> **INPUT MATERIAL**
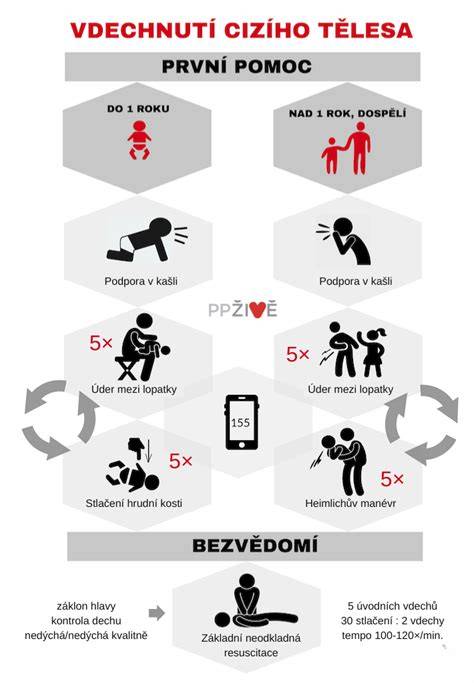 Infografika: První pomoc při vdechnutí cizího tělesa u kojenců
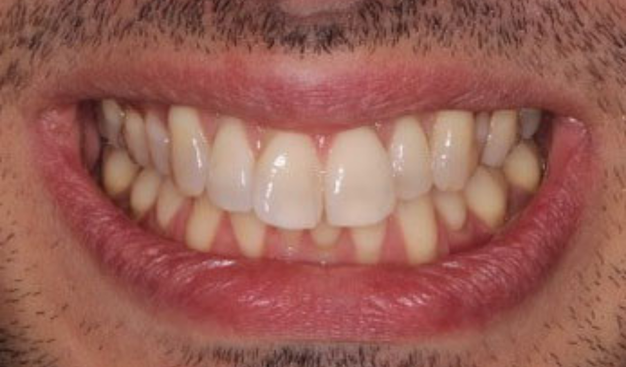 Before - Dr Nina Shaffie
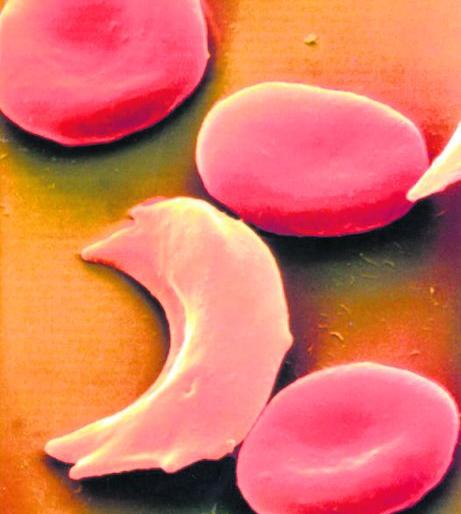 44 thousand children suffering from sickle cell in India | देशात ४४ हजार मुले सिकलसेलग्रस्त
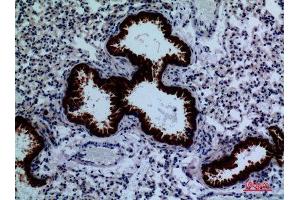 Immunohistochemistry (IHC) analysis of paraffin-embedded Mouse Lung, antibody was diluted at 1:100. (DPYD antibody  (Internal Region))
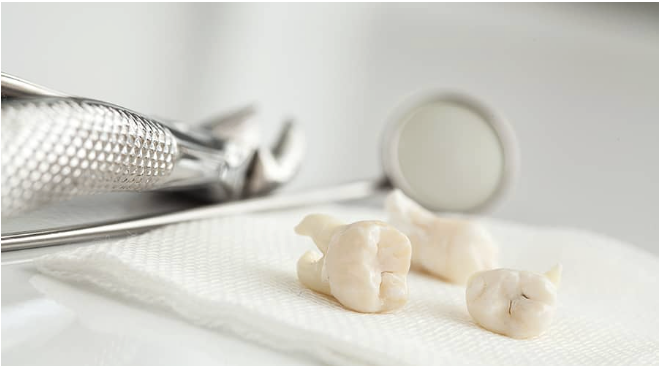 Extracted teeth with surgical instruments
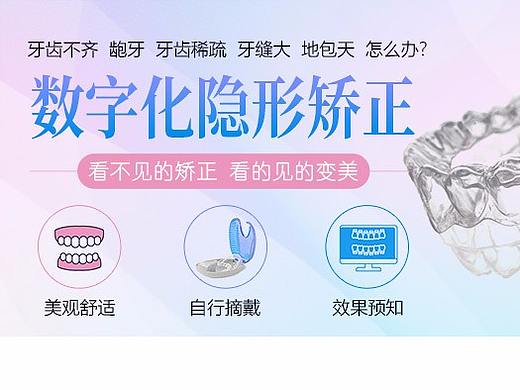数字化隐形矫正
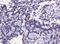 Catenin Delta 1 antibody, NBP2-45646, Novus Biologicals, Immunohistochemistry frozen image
==
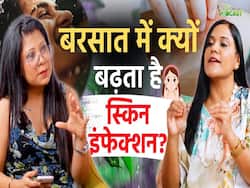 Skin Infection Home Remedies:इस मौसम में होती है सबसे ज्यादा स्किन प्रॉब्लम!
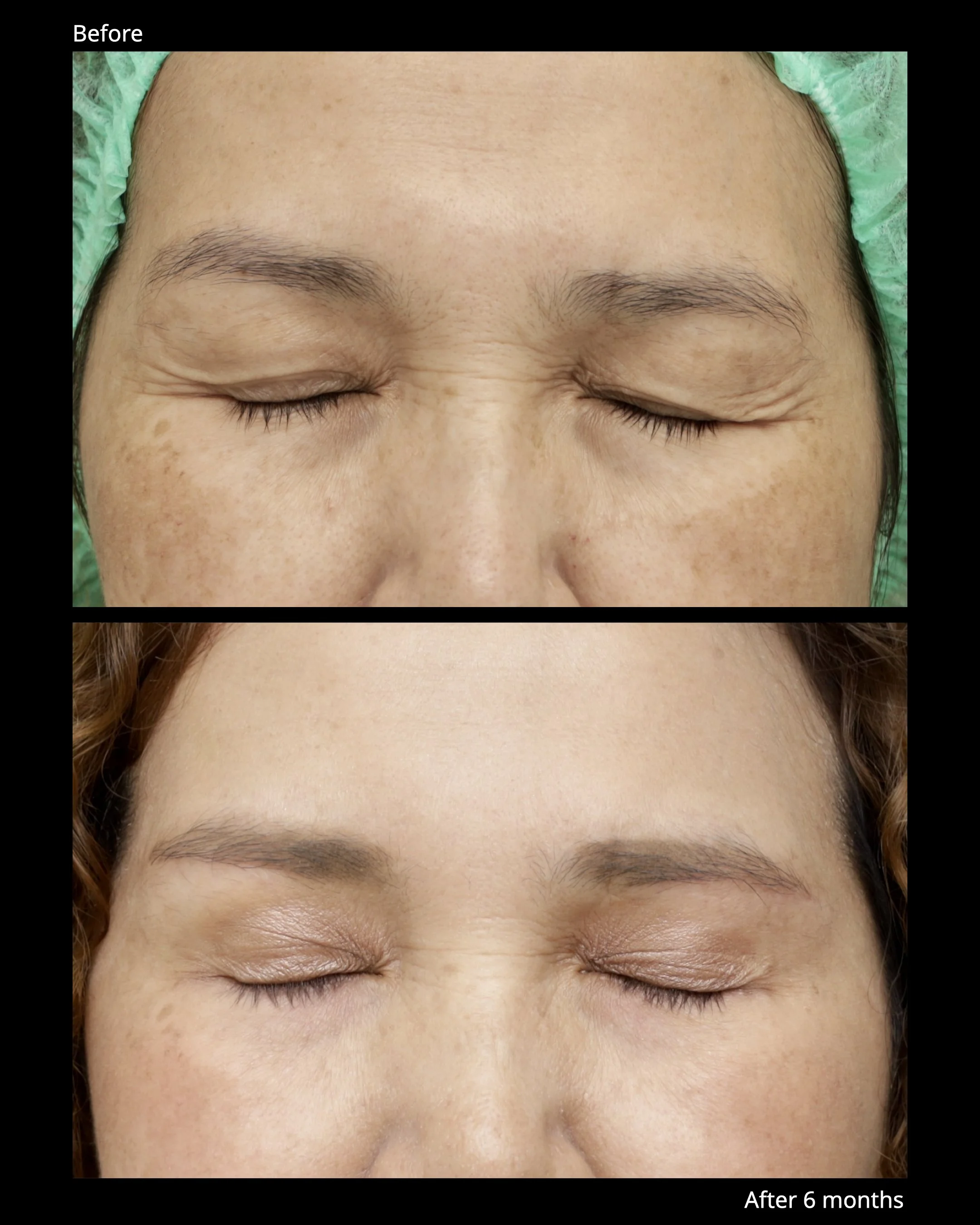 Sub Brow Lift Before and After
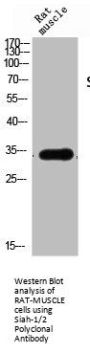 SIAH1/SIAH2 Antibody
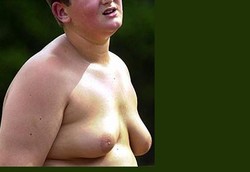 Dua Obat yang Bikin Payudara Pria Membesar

> **YOUR INSTRUCTIONS**
Copy word for word the lines above, starting at the line containing "Infografika: První pomoc" and ending at the line containing "Catenin Delta 1", inclusive, with no pictures.

> **TASK OUTPUT**
 Infografika: První pomoc při vdechnutí cizího tělesa u kojenců
 Before - Dr Nina Shaffie
 44 thousand children suffering from sickle cell in India | देशात ४४ हजार मुले सिकलसेलग्रस्त
 Immunohistochemistry (IHC) analysis of paraffin-embedded Mouse Lung, antibody was diluted at 1:100. (DPYD antibody  (Internal Region))
 Extracted teeth with surgical instruments
数字化隐形矫正
 Catenin Delta 1 antibody, NBP2-45646, Novus Biologicals, Immunohistochemistry frozen image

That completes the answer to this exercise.